Set down, exactly as they stand, the lines from the one containing "Jagabon Softeeze Penguin Neck Support Pillow" through the last line of the records below, leaving every picture out.

[Short web captions]
----------

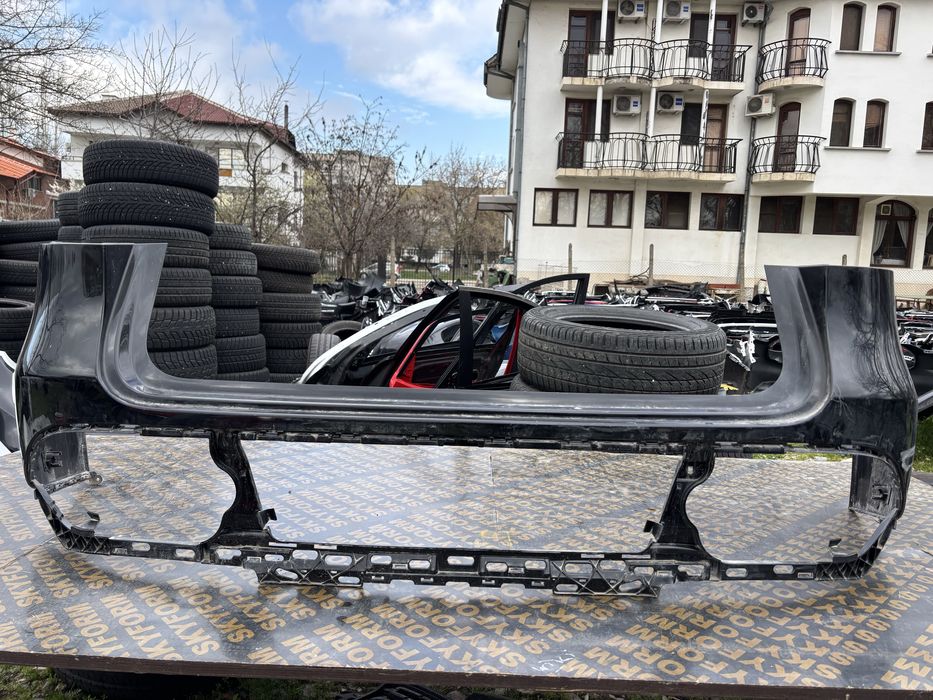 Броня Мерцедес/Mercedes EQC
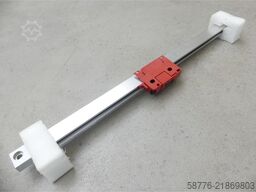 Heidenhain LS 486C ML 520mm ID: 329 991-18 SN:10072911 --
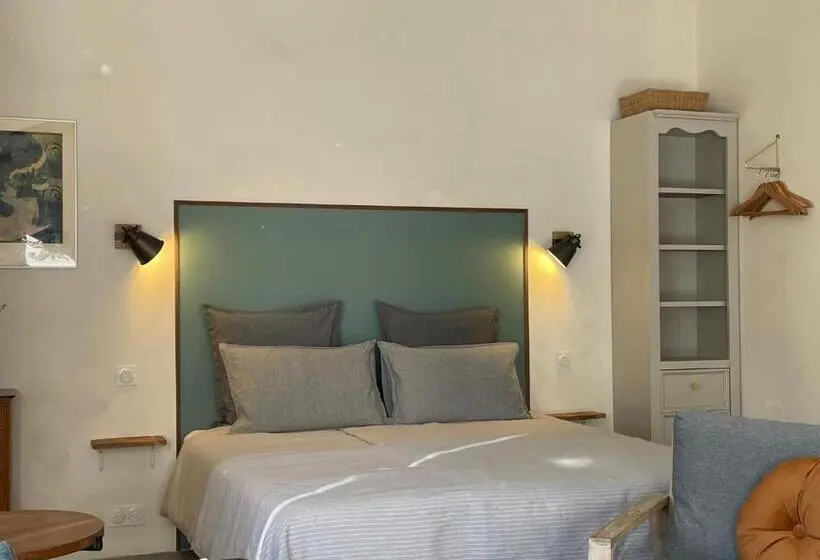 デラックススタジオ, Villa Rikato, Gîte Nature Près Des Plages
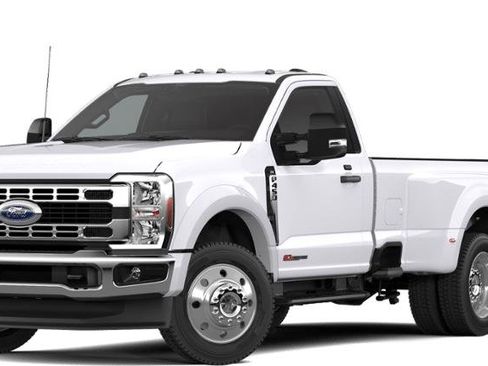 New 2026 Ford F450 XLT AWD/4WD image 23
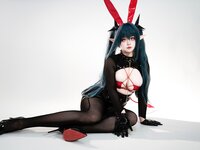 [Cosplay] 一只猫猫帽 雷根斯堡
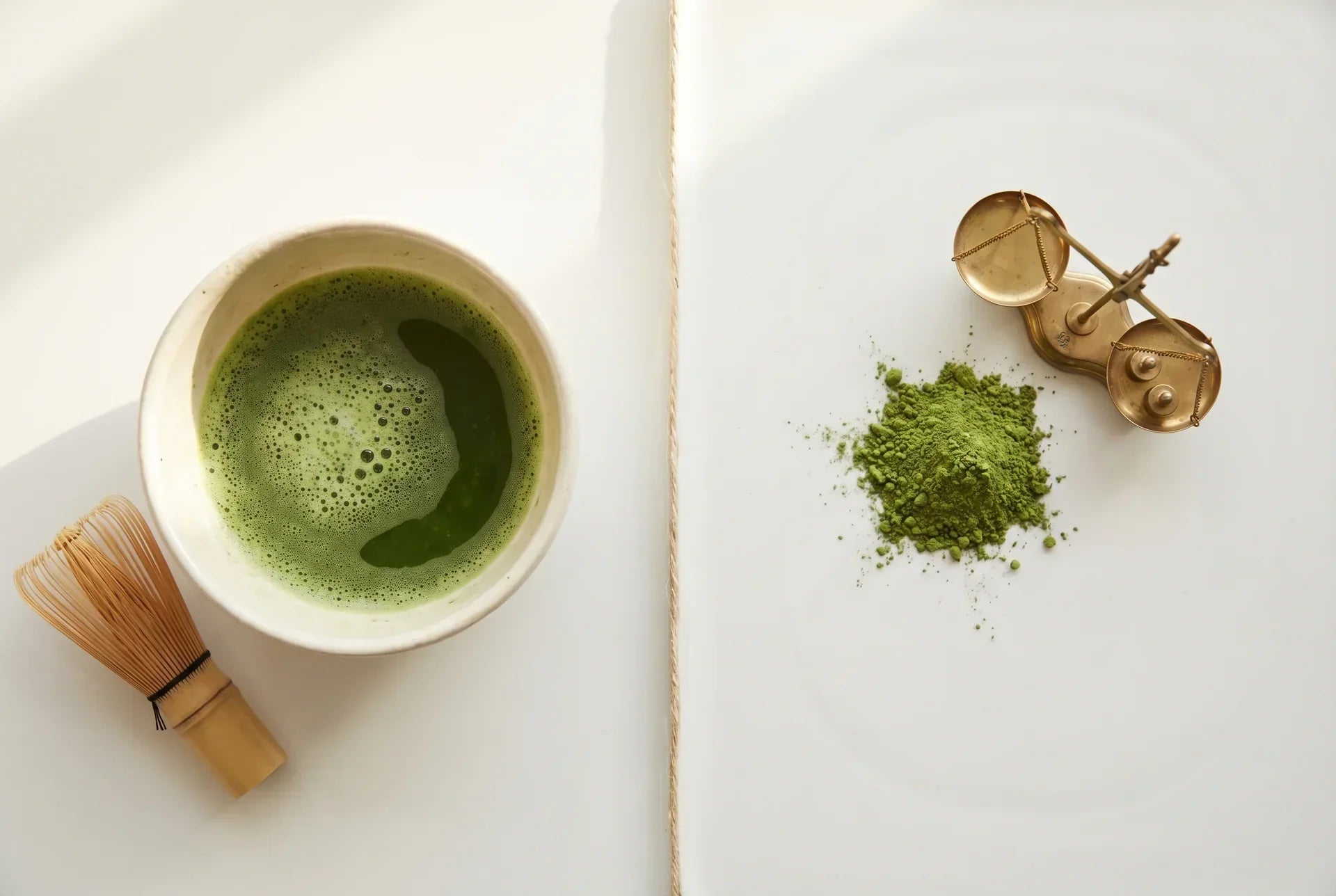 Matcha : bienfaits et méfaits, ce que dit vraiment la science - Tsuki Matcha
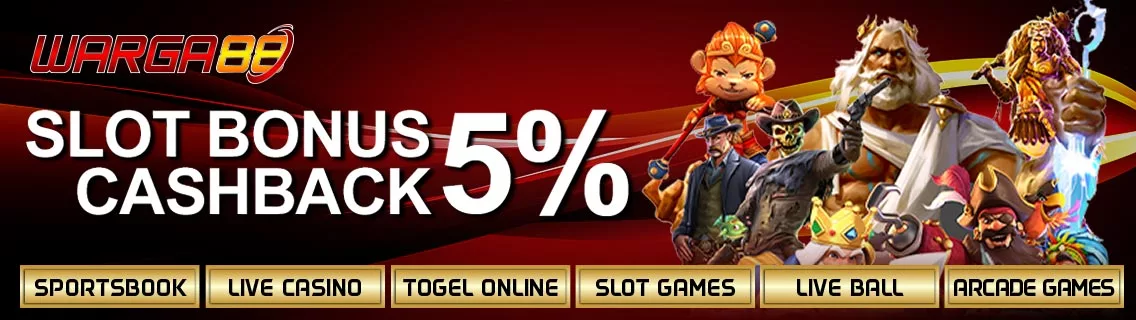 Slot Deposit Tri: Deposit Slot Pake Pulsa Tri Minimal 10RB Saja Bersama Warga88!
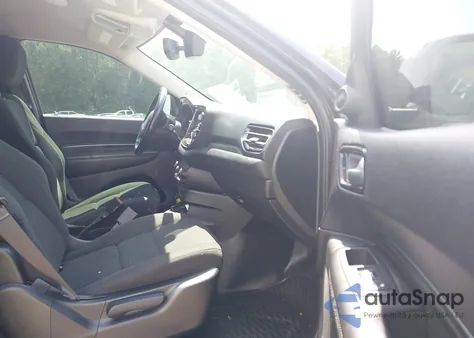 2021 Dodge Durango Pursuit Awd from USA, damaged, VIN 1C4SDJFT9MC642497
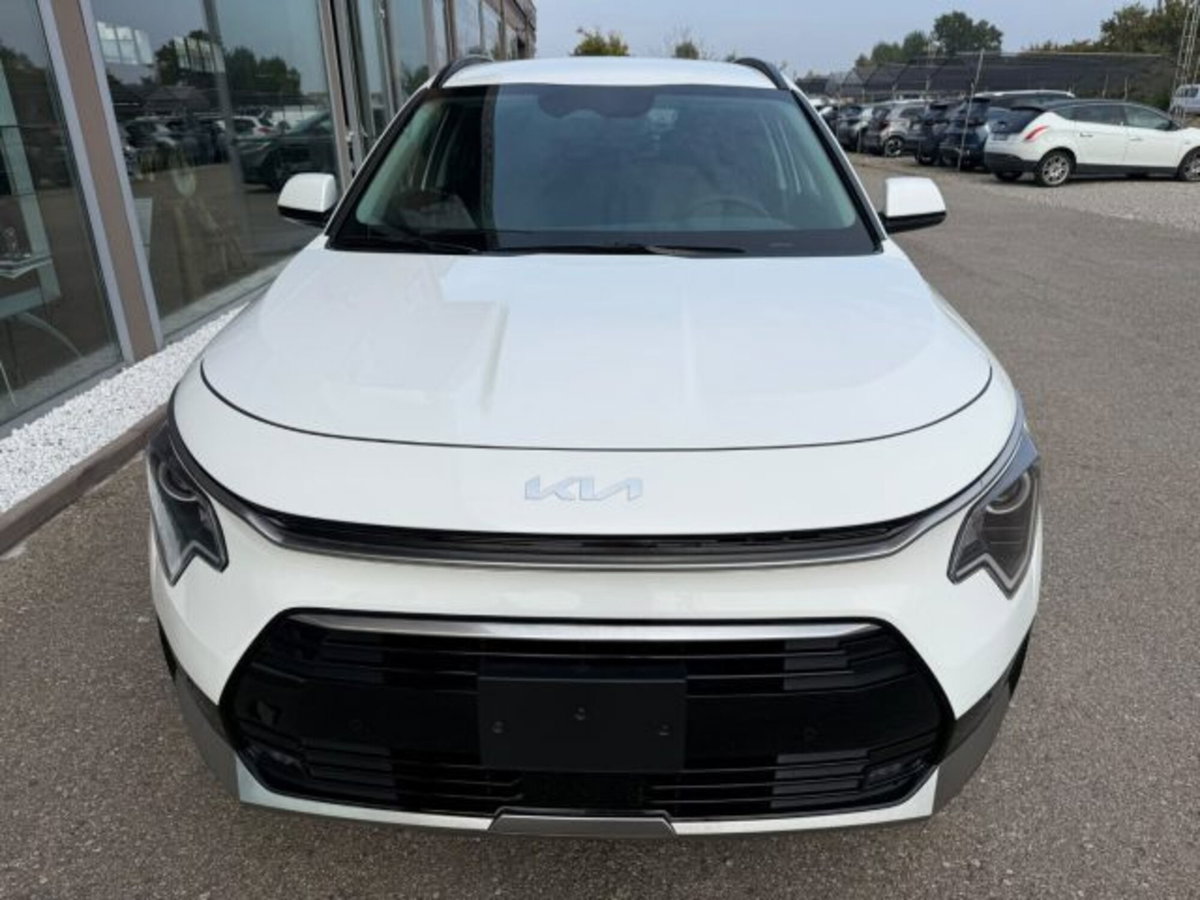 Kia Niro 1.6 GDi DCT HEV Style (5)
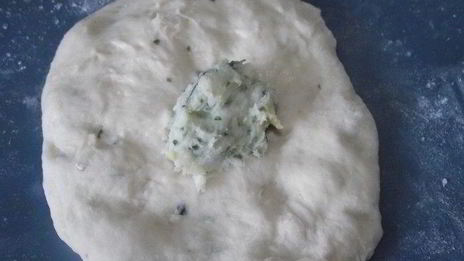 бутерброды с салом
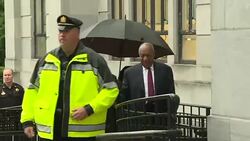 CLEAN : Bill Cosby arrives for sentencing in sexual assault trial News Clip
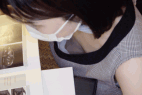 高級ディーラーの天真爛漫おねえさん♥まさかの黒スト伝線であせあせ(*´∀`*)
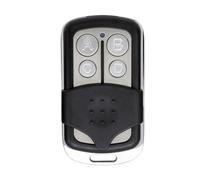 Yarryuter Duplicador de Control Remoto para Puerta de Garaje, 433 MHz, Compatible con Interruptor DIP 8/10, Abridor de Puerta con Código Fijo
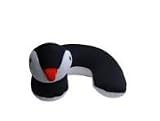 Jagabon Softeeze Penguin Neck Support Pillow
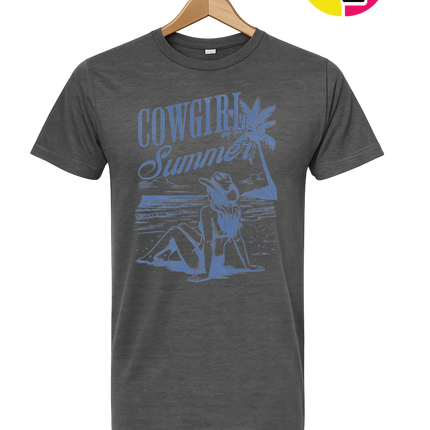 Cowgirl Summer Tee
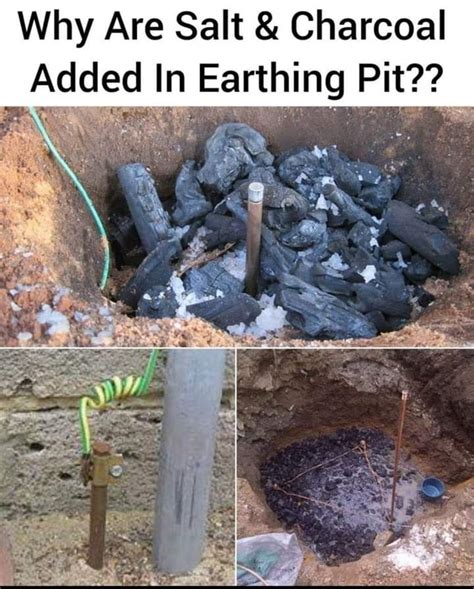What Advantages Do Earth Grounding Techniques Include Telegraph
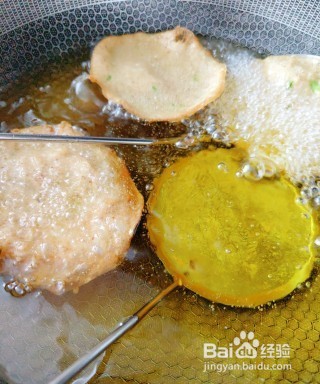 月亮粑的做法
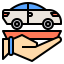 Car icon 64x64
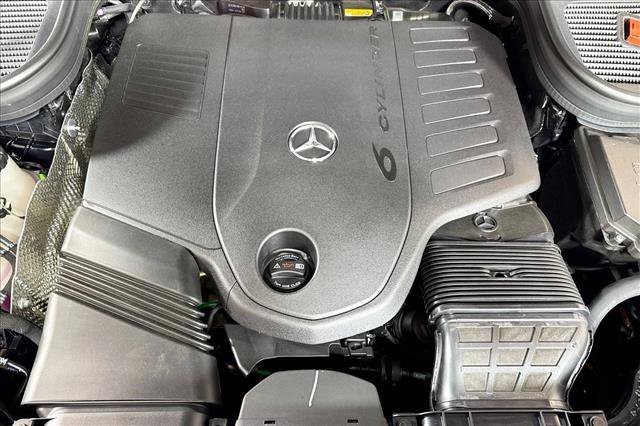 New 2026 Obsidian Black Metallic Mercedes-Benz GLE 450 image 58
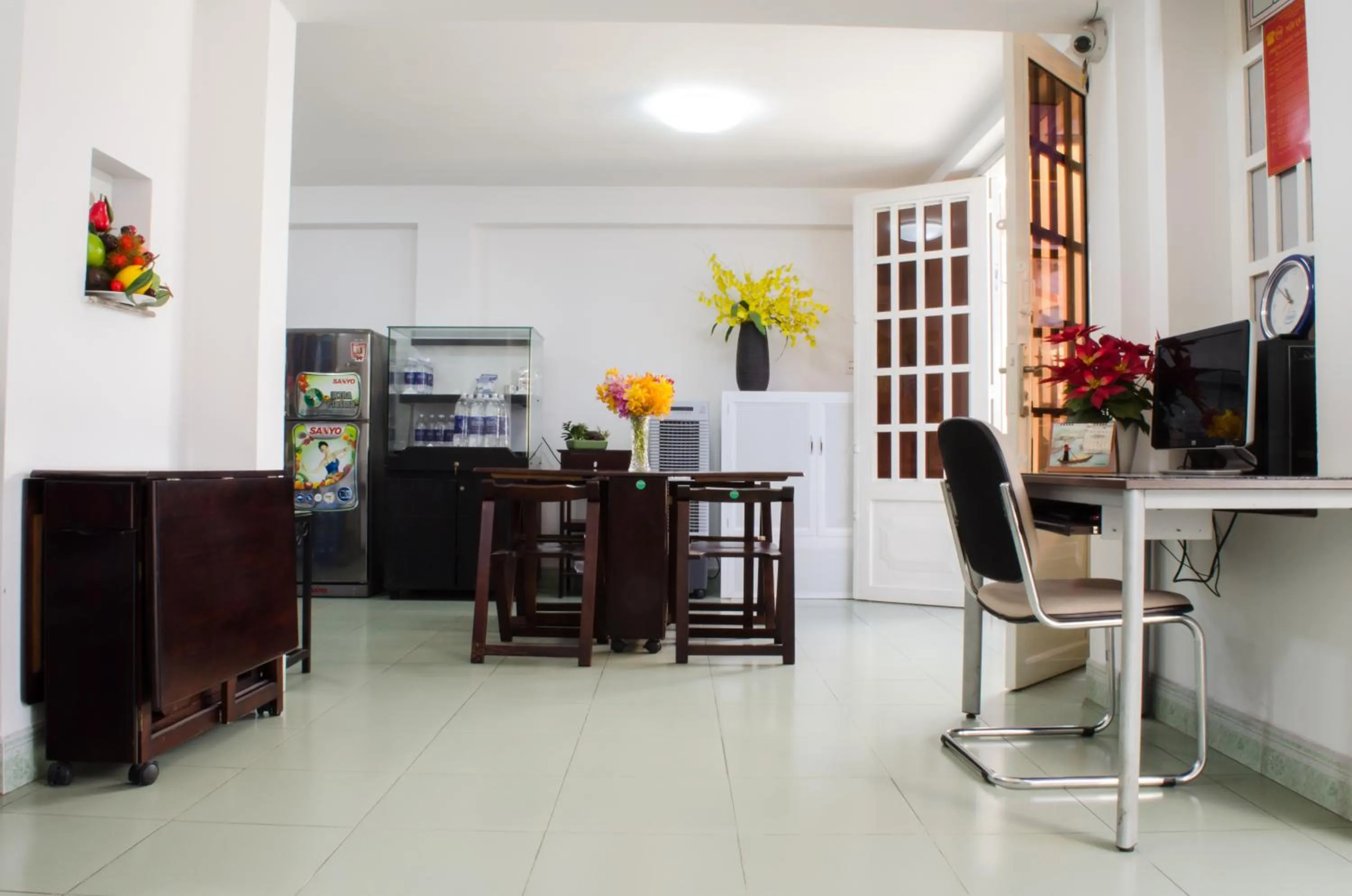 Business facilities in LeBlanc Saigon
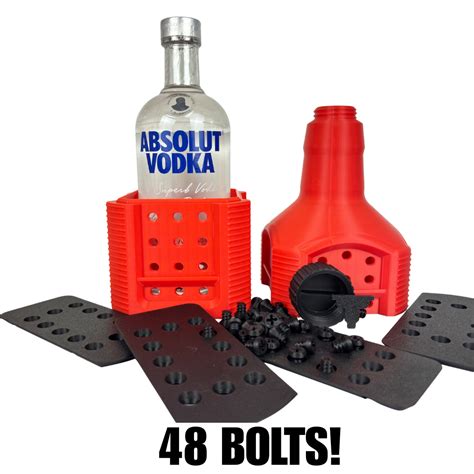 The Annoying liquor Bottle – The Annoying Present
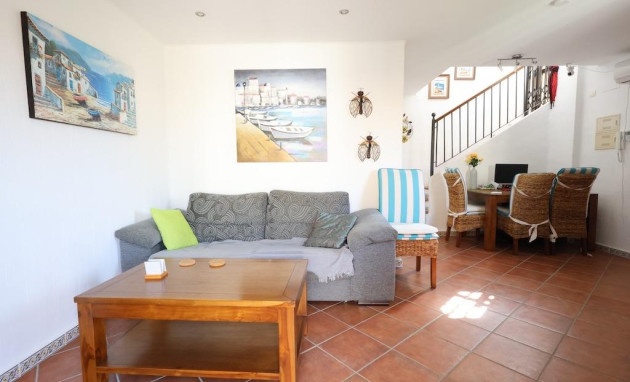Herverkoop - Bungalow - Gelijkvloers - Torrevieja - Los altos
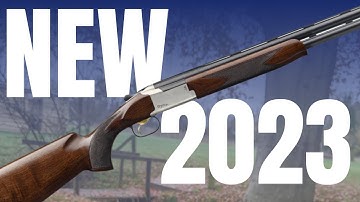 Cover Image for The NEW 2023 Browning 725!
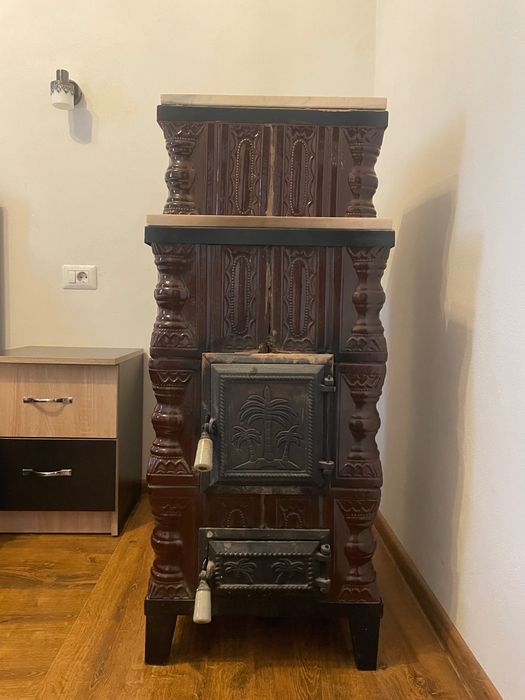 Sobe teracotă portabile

----------

Answer
 Jagabon Softeeze Penguin Neck Support Pillow
 Cowgirl Summer Tee
What Advantages Do Earth Grounding Techniques Include Telegraph
 月亮粑的做法
 Car icon 64x64
 New 2026 Obsidian Black Metallic Mercedes-Benz GLE 450 image 58
 Business facilities in LeBlanc Saigon
 The Annoying liquor Bottle – The Annoying Present
Herverkoop - Bungalow - Gelijkvloers - Torrevieja - Los altos
 Cover Image for The NEW 2023 Browning 725!
 Sobe teracotă portabile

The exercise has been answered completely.